*What is required*. Copy the data exactly, pictures aside.

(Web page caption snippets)
☆ ☆ ☆ ☆ ☆

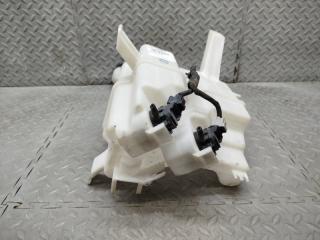 Бачок стеклоомывателя TOYOTA PRIUS ZVW30 060851-317 4 ракурс Бачок стеклоомывателя TOYOTA PRIUS ZVW30 060851-317 4 ракурс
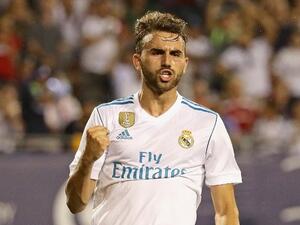 مايورال يحتفل بهدفه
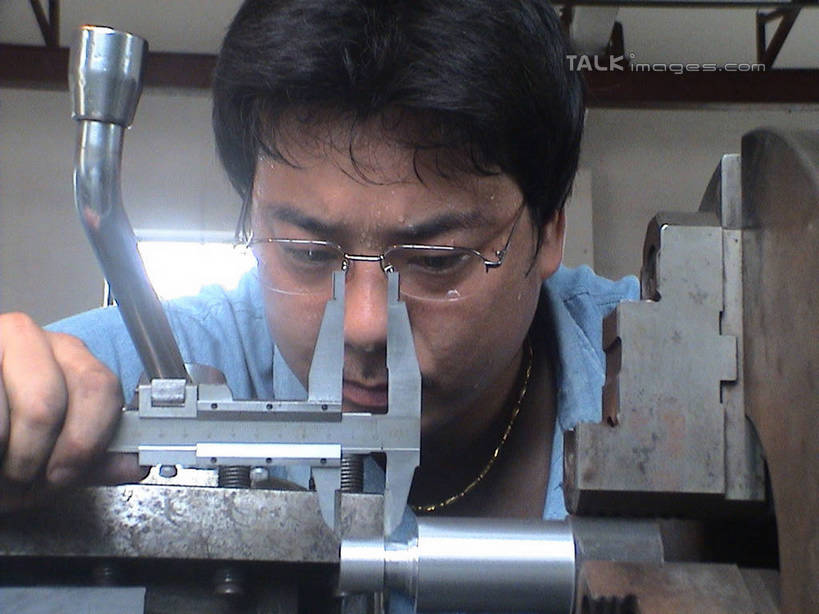 东方人,一个人,机修工,工厂,坐,横图,室内,白天,仰视,工作服,制服,机器,窗户,项链,金属制品,亚洲,仅一个男性,仅一个人,握,阴影,光线,测量,金属,眼镜,影子,刻度,墙,拿,拿着,注视,黄种人,玻璃窗,墙壁,墙面,装饰品,工人,仅一个年轻男性,蓝色,阳光,尺,饰品,首饰,观察,看,机械,握着,观看,测量工具,仔细,精密,尺子,察看,游标卡尺,关注,精度,精准,精细,近视眼镜,车床,量具,量仪,卡尺,标卡尺,量爪,主尺,深度尺,工作制服,认真,游标尺,男人,男性,年轻男性,亚洲人,机械师,机修工人,坐着,半身,彩图,低角度拍摄,工作套服,hascy1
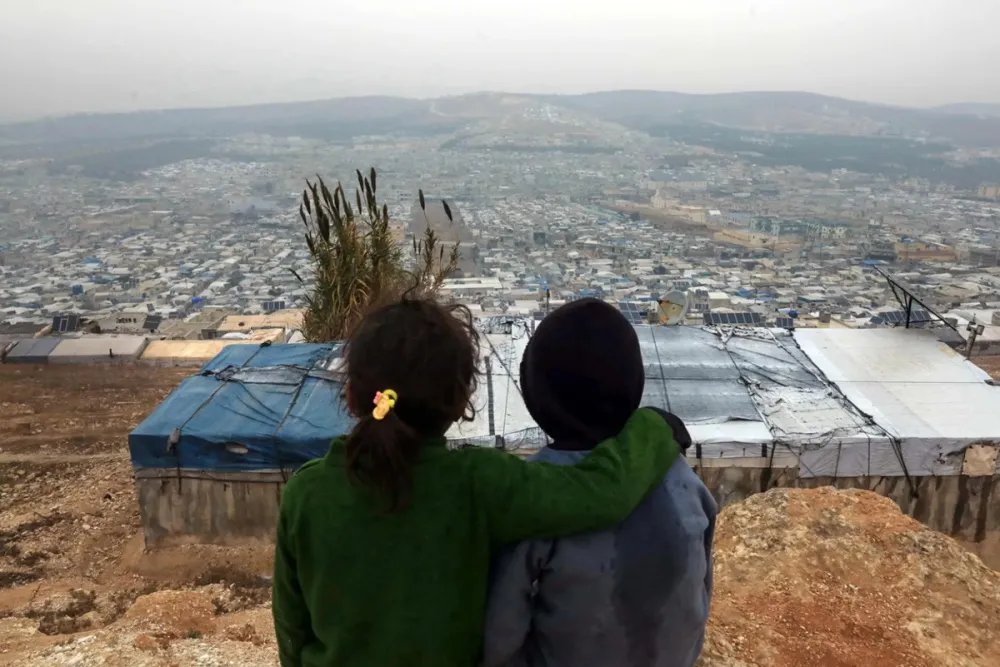 نازحو حمص في الشمال السوري يشتكون من رسوم تسجيل المواليد الباهظة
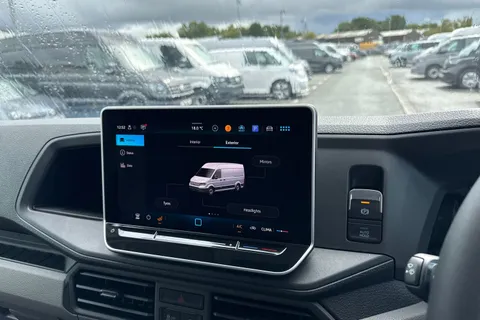 CX25LHG Volkswagen Crafter 2.0 TDI 140PS Commerce Plus High Roof Van Auto Thumbnail #39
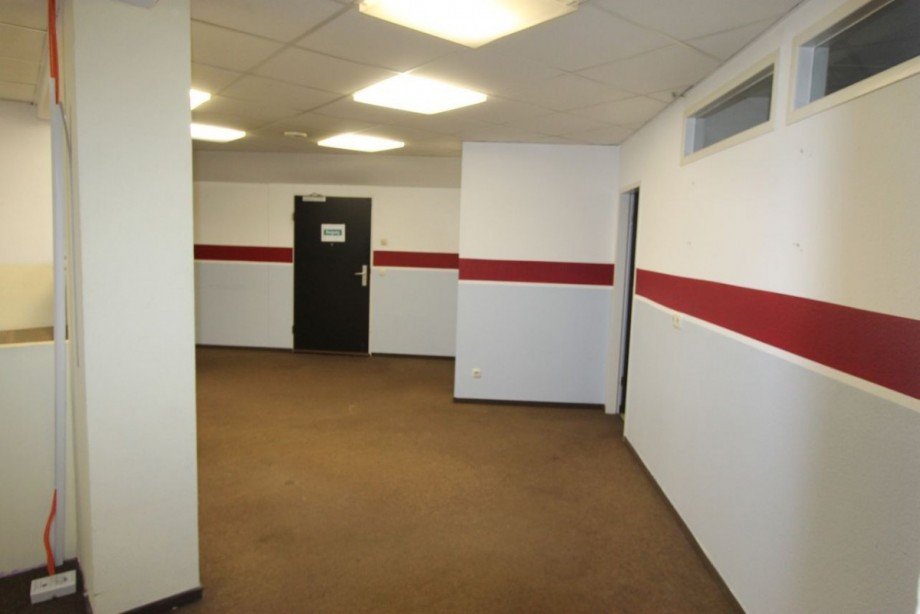 10-Eingang-1 B�rofl�che Krefeld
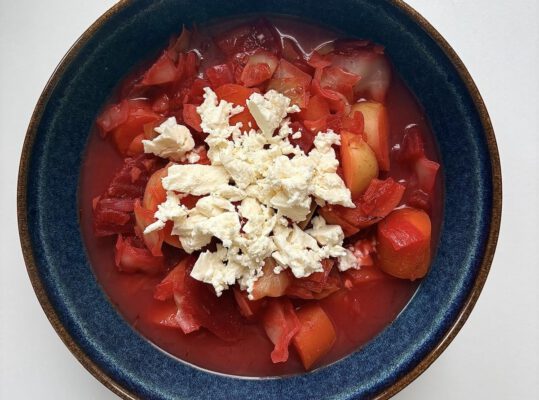Nachhaltig kochen – ein saisonales Kochbuch für Halle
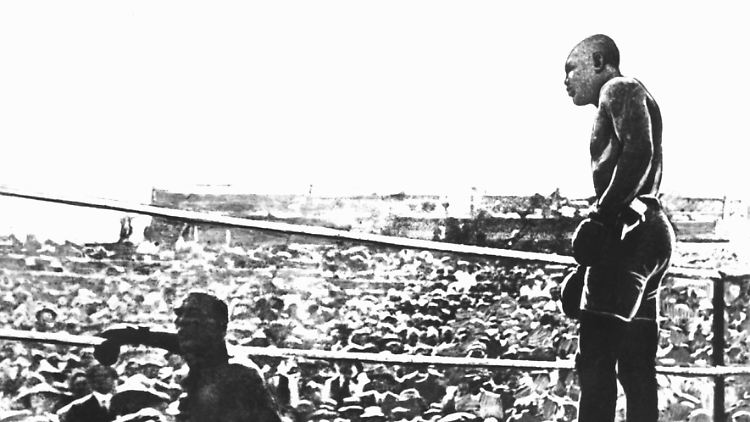 Jack Johnson (r) besiegte Jim Jeffries am 4 Juli 1910 in einem Weltmeisterschafts-Kampf in Reno (Nevada) durch K.O. in der 15. Runde.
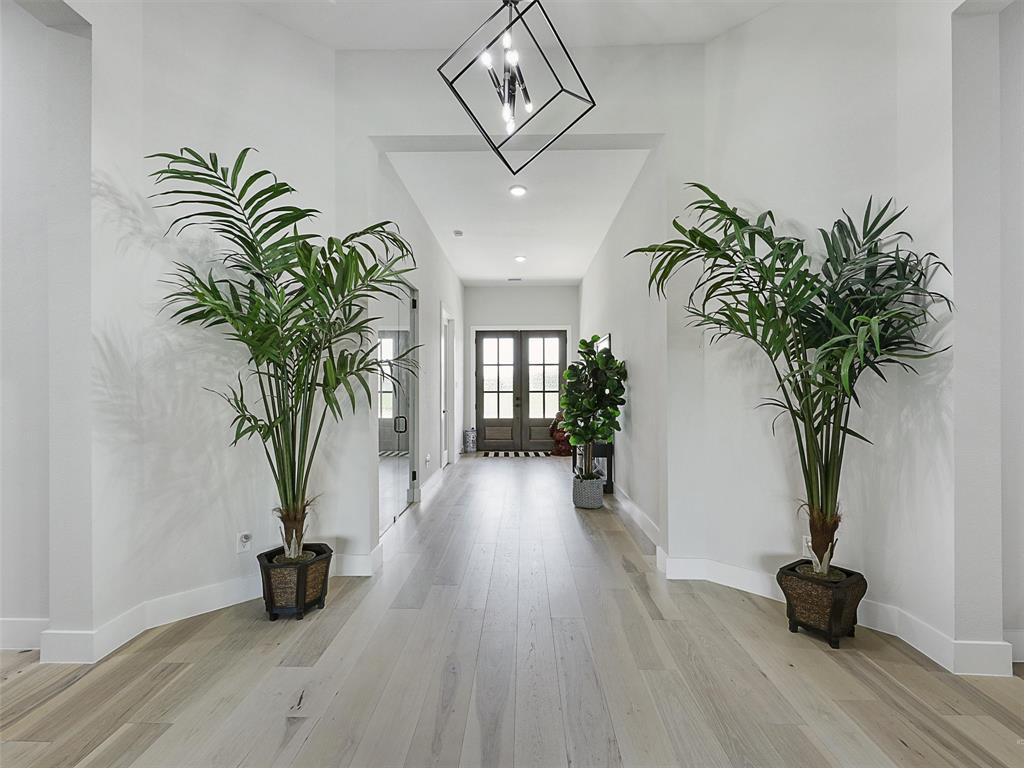 1026 Willow Point Property Photo 5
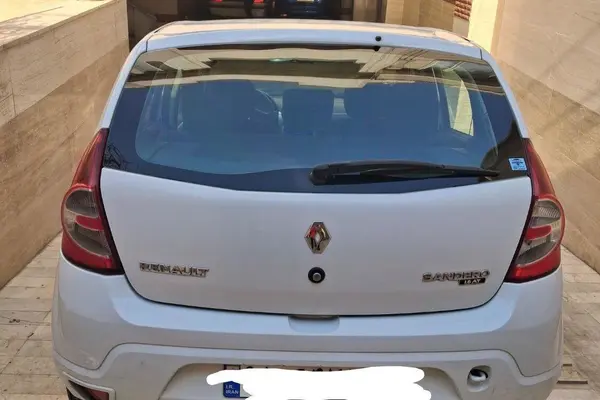 رنو، ساندرو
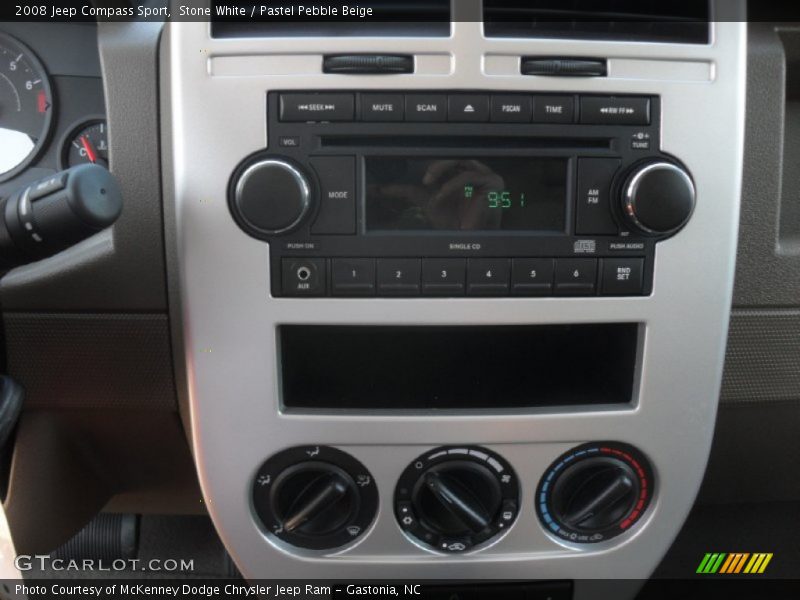 Stone White / Pastel Pebble Beige 2008 Jeep Compass Sport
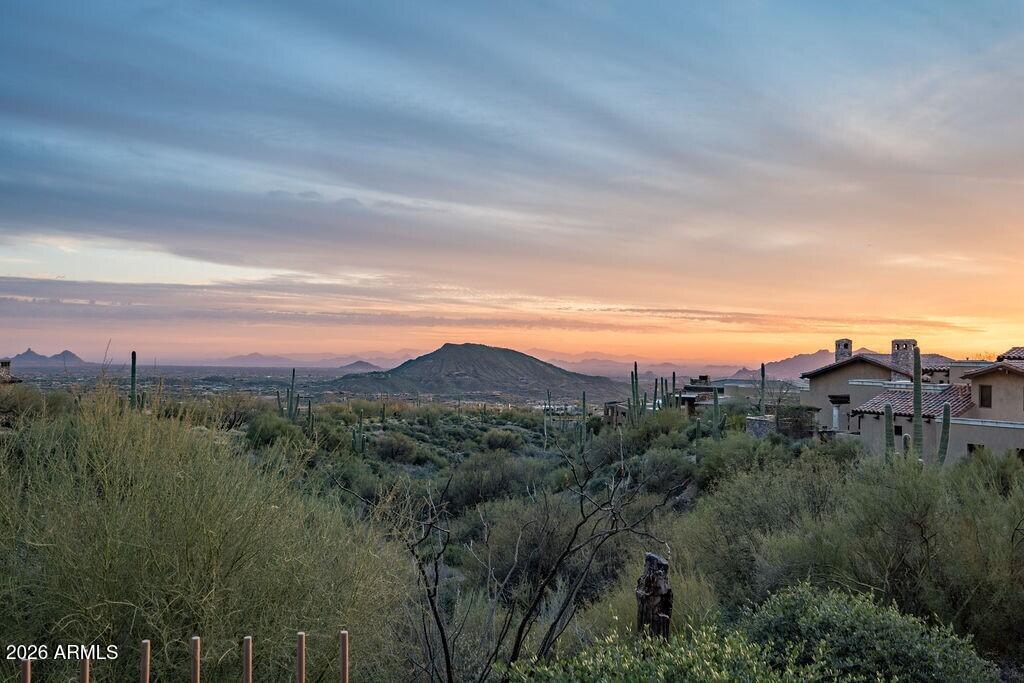 DESERT MOUNTAIN - Residential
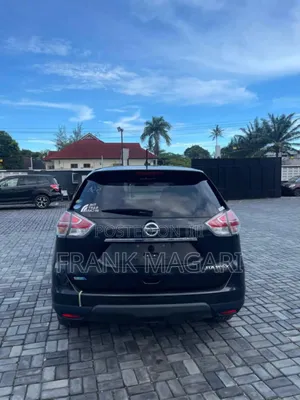Nissan X-Trail 1.6 Diesel FWD 2014 Black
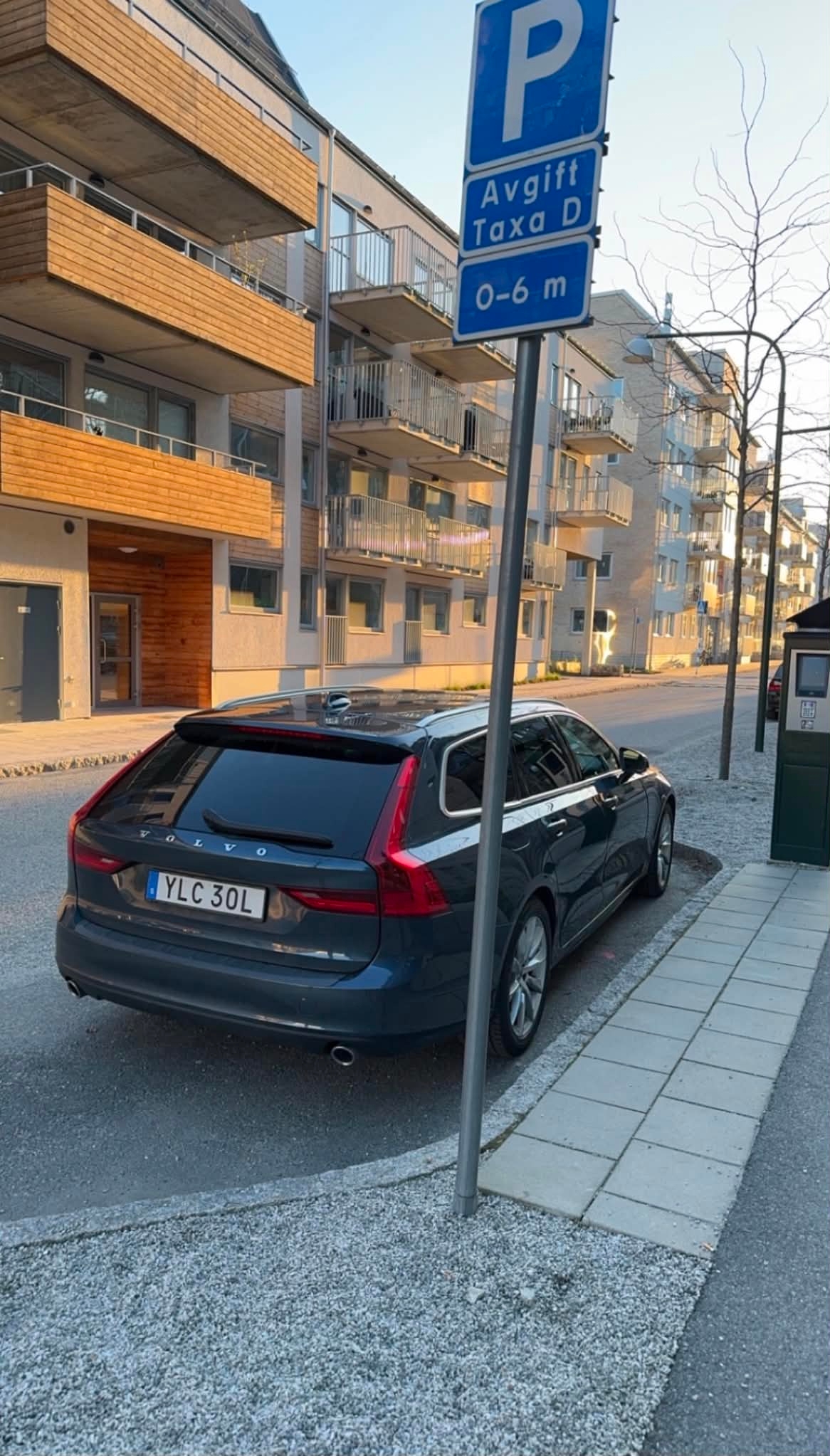 Volvo V90 D4 Geartronic 2019, bild 2/4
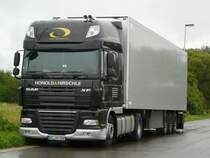 DAF XF 105.460 der Spedition Honold & Hirschle abgestellt in Crailsheim, 17.07.2011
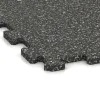 Detailaufnahme der Randausprägung von WARCO-Produkt 0958, Fitnessvloer Compact, Format 485 x 485 x 16 mm, Farbe Donkergrijs Graniet.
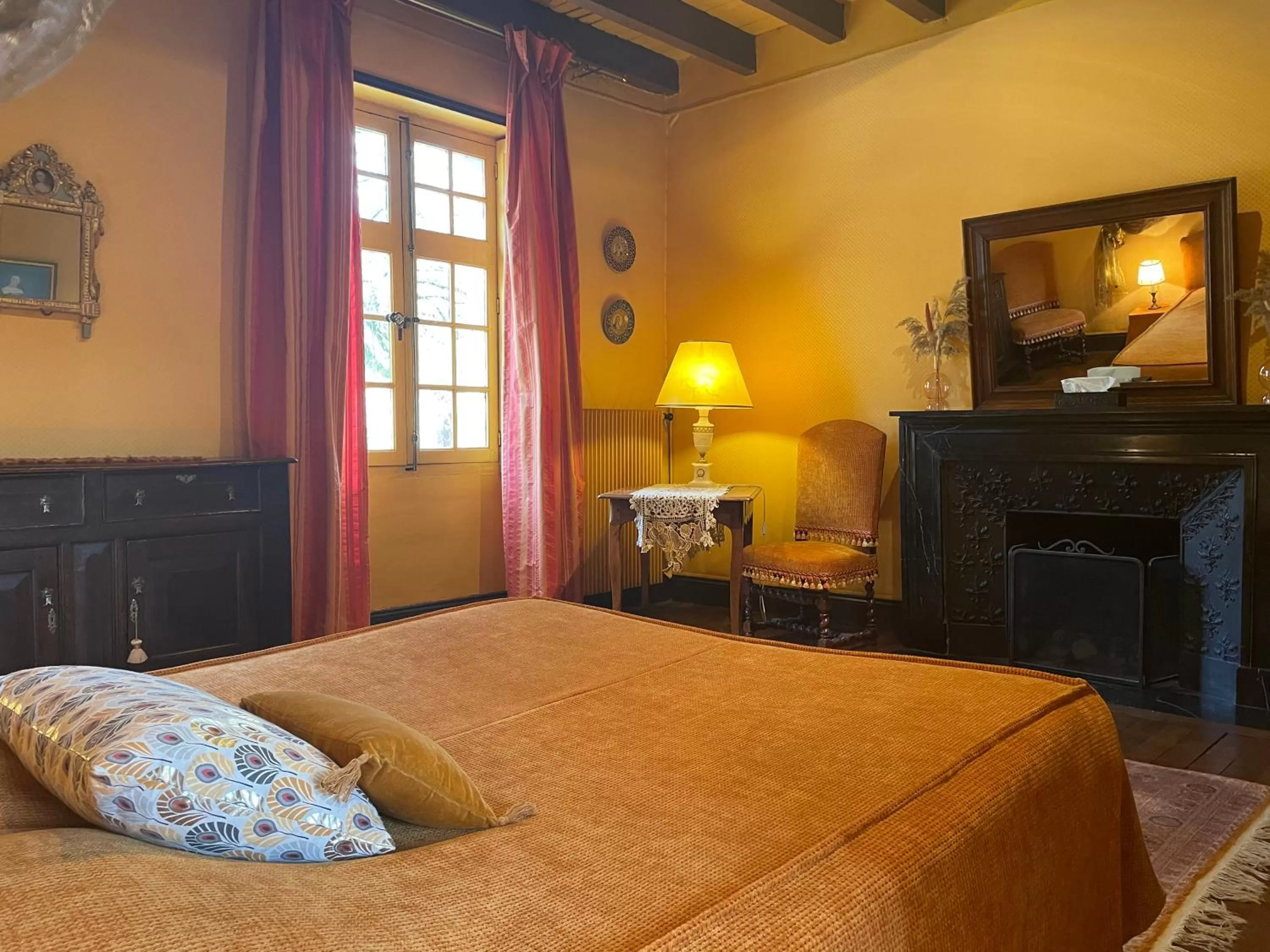 Photo of the whole room, Bed in Manoir de la Rémonière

☆ ☆ ☆ ☆ ☆

*Answer area*.
 Бачок стеклоомывателя TOYOTA PRIUS ZVW30 060851-317 4 ракурс Бачок стеклоомывателя TOYOTA PRIUS ZVW30 060851-317 4 ракурс
 مايورال يحتفل بهدفه
 东方人,一个人,机修工,工厂,坐,横图,室内,白天,仰视,工作服,制服,机器,窗户,项链,金属制品,亚洲,仅一个男性,仅一个人,握,阴影,光线,测量,金属,眼镜,影子,刻度,墙,拿,拿着,注视,黄种人,玻璃窗,墙壁,墙面,装饰品,工人,仅一个年轻男性,蓝色,阳光,尺,饰品,首饰,观察,看,机械,握着,观看,测量工具,仔细,精密,尺子,察看,游标卡尺,关注,精度,精准,精细,近视眼镜,车床,量具,量仪,卡尺,标卡尺,量爪,主尺,深度尺,工作制服,认真,游标尺,男人,男性,年轻男性,亚洲人,机械师,机修工人,坐着,半身,彩图,低角度拍摄,工作套服,hascy1
 نازحو حمص في الشمال السوري يشتكون من رسوم تسجيل المواليد الباهظة
 CX25LHG Volkswagen Crafter 2.0 TDI 140PS Commerce Plus High Roof Van Auto Thumbnail #39
 10-Eingang-1 B�rofl�che Krefeld
Nachhaltig kochen – ein saisonales Kochbuch für Halle
 Jack Johnson (r) besiegte Jim Jeffries am 4 Juli 1910 in einem Weltmeisterschafts-Kampf in Reno (Nevada) durch K.O. in der 15. Runde.
 1026 Willow Point Property Photo 5
 رنو، ساندرو
 Stone White / Pastel Pebble Beige 2008 Jeep Compass Sport
 DESERT MOUNTAIN - Residential
Nissan X-Trail 1.6 Diesel FWD 2014 Black
 Volvo V90 D4 Geartronic 2019, bild 2/4
 DAF XF 105.460 der Spedition Honold & Hirschle abgestellt in Crailsheim, 17.07.2011
 Detailaufnahme der Randausprägung von WARCO-Produkt 0958, Fitnessvloer Compact, Format 485 x 485 x 16 mm, Farbe Donkergrijs Graniet.
 Photo of the whole room, Bed in Manoir de la Rémonière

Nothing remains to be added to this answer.